The problem with letting the LLM do everything#
Agentic skill development is addictive. You describe a task, the agent handles it — reading raw configs, parsing outputs, formatting results, making decisions. It works. For one developer, on one task, the cost is invisible.
The problem surfaces at scale. Every token spent on deterministic logic is money that didn’t have to be spent. And those tokens compound.
The numbers#
I ran a comparison between two approaches to the same skill:
| Approach | Cost per turn |
|---|---|
| Verbose (LLM handles everything) | ~$0.185 |
| CLI-Optimized (pre-processed data) | ~$0.017 |
10x difference per turn.
The verbose version passes raw data to the model and lets it parse, filter, and format before responding. The CLI-optimized version pre-processes that data in code — deterministic transformations that don’t need language model reasoning — and only sends the model what it actually needs to reason about.
What this looks like at enterprise scale#
Model this across an organization with 40,000 developers:
| Scenario | Annual cost |
|---|---|
| Verbose skills | $1.48M |
| CLI-optimized skills | $136K |
| Savings | ~$1.34M |
Push that across multiple skill categories, higher usage rates, or a larger developer population and you reach $16M+ in annual savings. The math isn’t hypothetical — it follows directly from the per-turn delta multiplied by usage volume.
The CLI wrapper pays for itself in under 30 minutes of developer time at enterprise scale. That’s not a performance optimization. That’s a budget decision.
The principle#
Deterministic work belongs in deterministic code.

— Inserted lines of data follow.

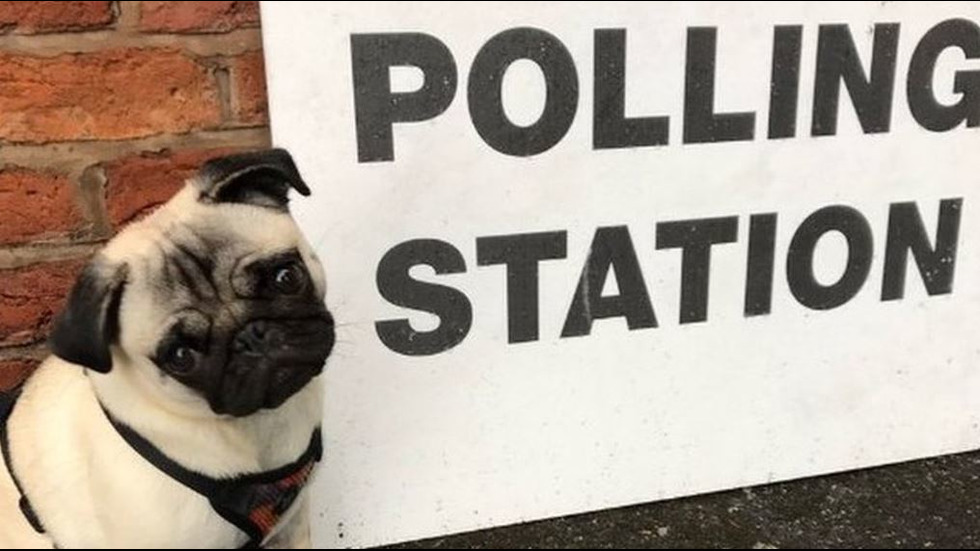 Кучета – хит на изборите във Великобритания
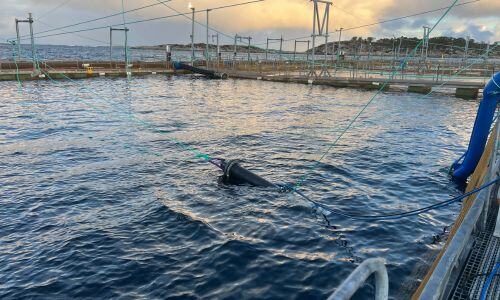 Freya submersible nanobubble generator for aquaculture oxygenation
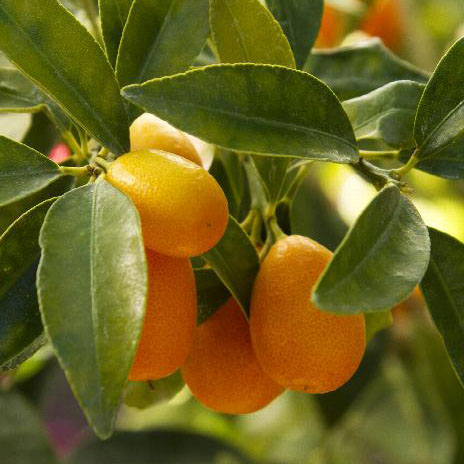 Kumquat NAGAMI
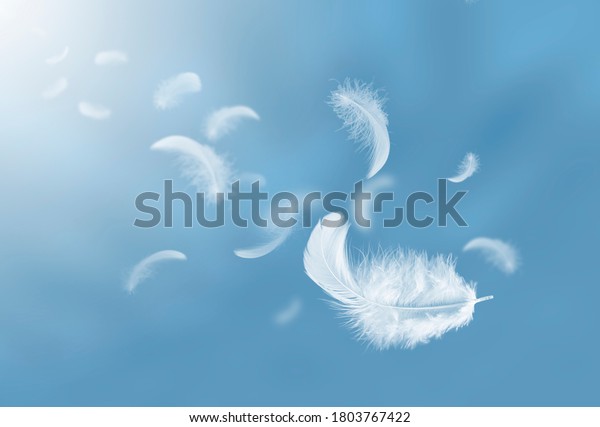 Feather abstract freedom concept.\
Group of light fluffy a white feathers floating in a blue\
sky.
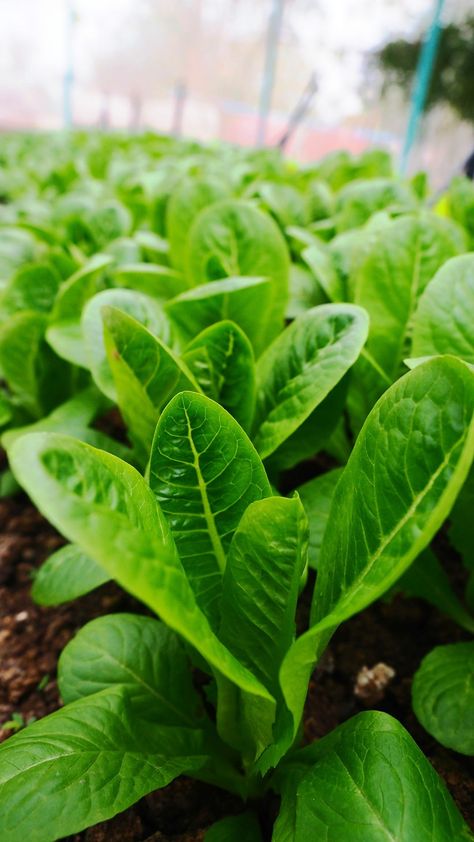 Sandwiches And Wraps, Growing Lettuce, Head Of Lettuce, Winter Vegetables, Super Greens, Health And Happiness, Wheat Grass, Organic Plants, Leafy Greens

A CLI can parse a JSON config in milliseconds for zero tokens. An LLM can also parse a JSON config — for 200 tokens and a non-trivial latency penalty. Using the LLM for that work isn’t wrong, it’s just expensive in a way that’s easy to miss at the individual level and impossible to ignore at the organizational level.
The pattern for CLI-optimized skills:
- Pre-process in code. Filter, transform, and format data before it reaches the model. Pass structured summaries, not raw outputs.

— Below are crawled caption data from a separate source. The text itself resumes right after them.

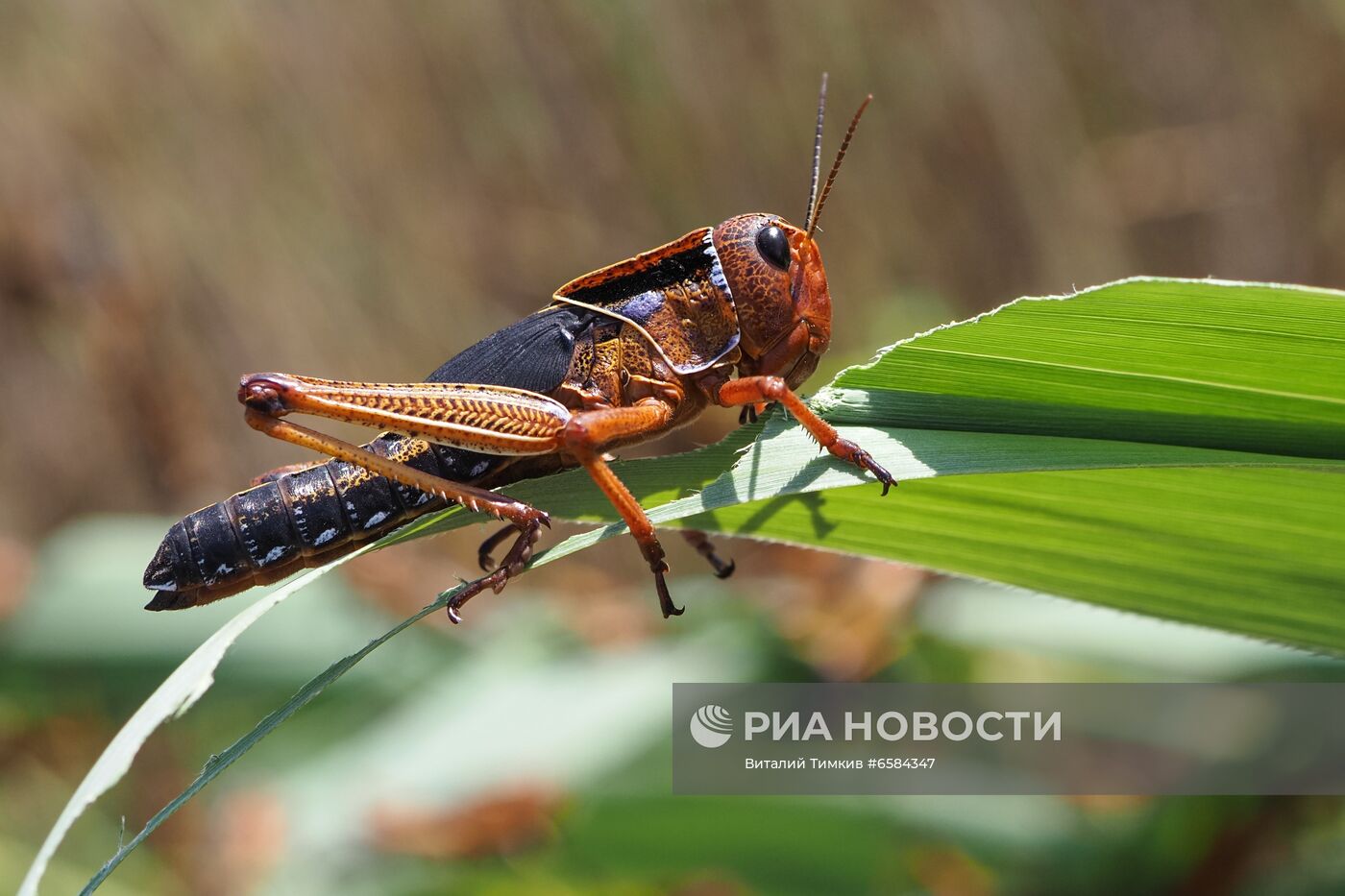 Нашествие азиатской саранчи в Краснодарском крае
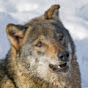 Lonewolfy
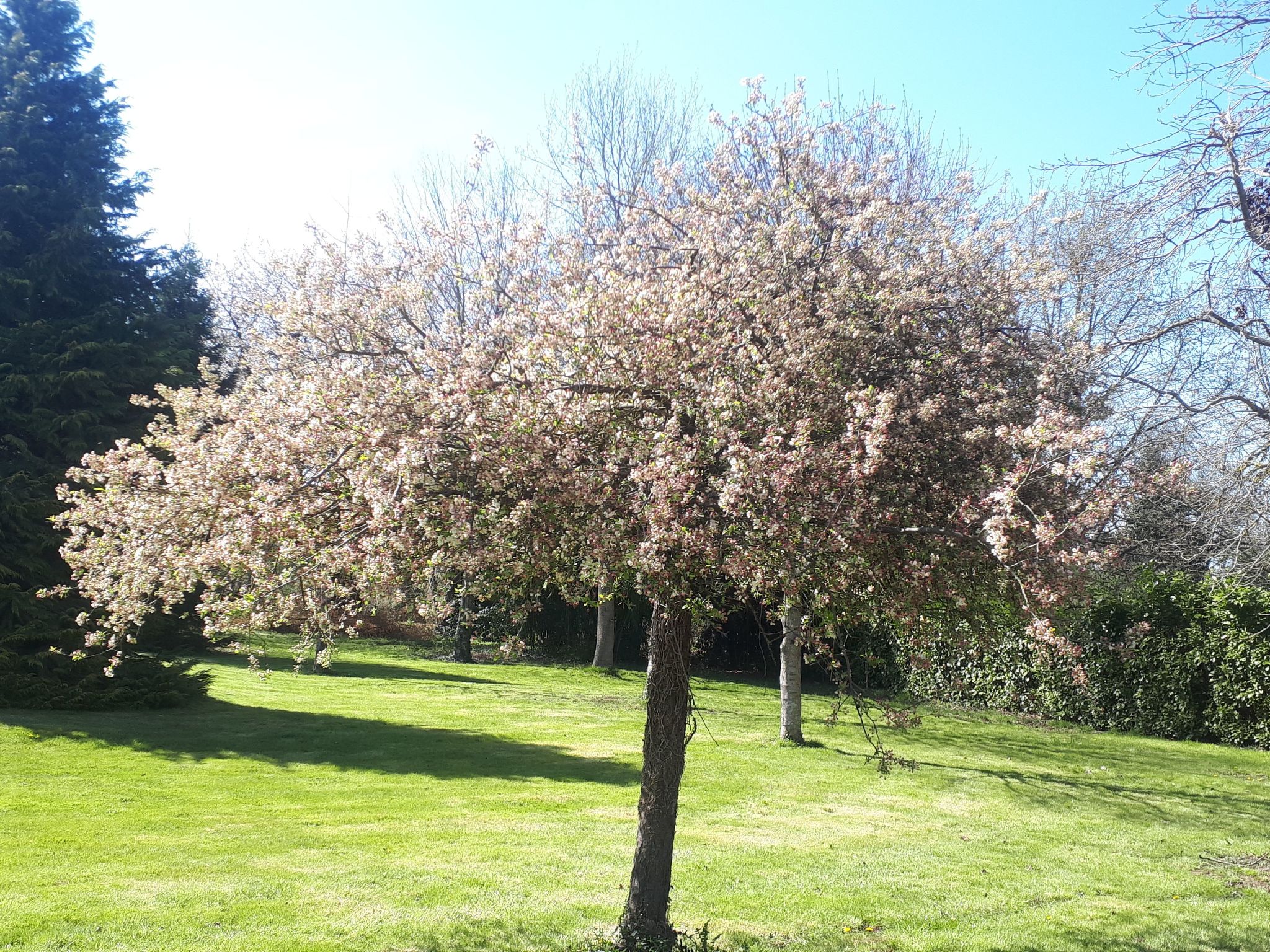 Gite de bon air-Binnen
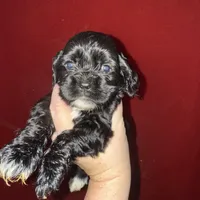Luke AKC, a male Cocker Spaniel for sale in Byram, MS – Photo 1 of 10
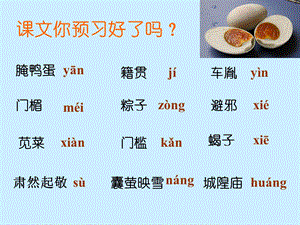 端午的鸭蛋(PPT).ppt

- Reserve the model for reasoning. Let the LLM do what only an LLM can do: handle ambiguity, generate language, make contextual judgments.

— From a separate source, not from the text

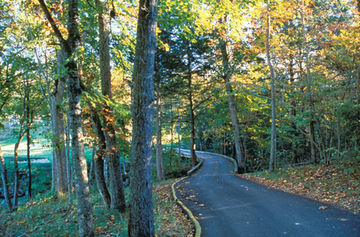 Club Wyndham At The Falls Resort 3*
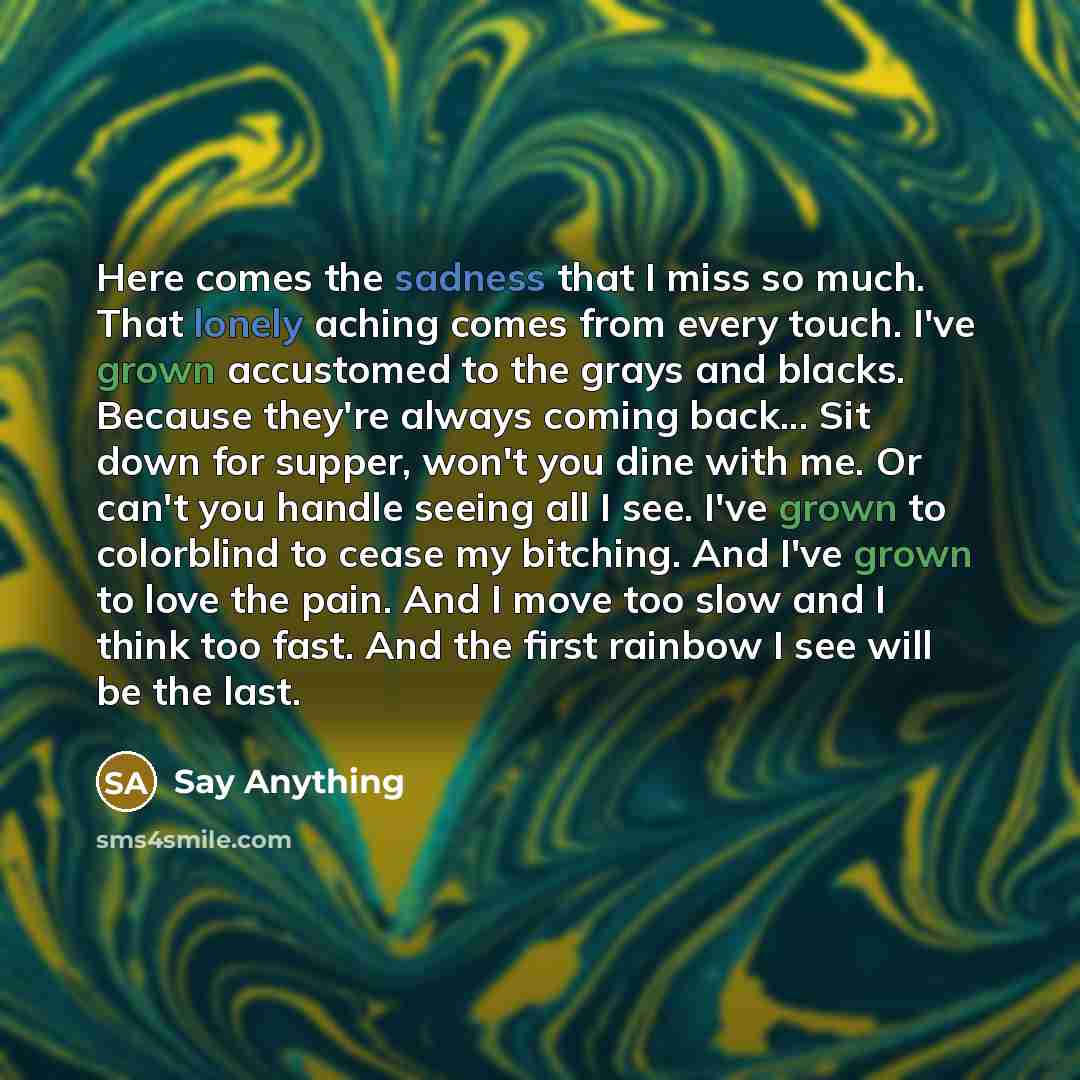 “Here comes the sadness that I miss so much. That…” quote by Say Anything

- Wrap with a CLI. A lightweight CLI layer between raw data and model input is the lowest-effort, highest-leverage optimization available.
The broader implication#
Token cost is the new compute cost. A decade ago, engineering organizations started tracking cloud spend per feature. The teams that built cost awareness into their infrastructure early had a structural advantage over teams that optimized reactively.
The same dynamic is playing out now with LLM usage. Organizations that build token-efficient skills from the start will carry a lower cost basis as usage scales. Organizations that don’t will optimize under pressure, which is always more expensive than optimizing by design.
The curiosity phase is fine. Let developers experiment, let skills get verbose, see what actually gets used. But once a skill is load-bearing — once it’s running on thousands of turns per day — the cost of not optimizing becomes real money.
The takeaway: before promoting a skill to production, ask whether any part of it is paying model rates for work a CLI could do for free.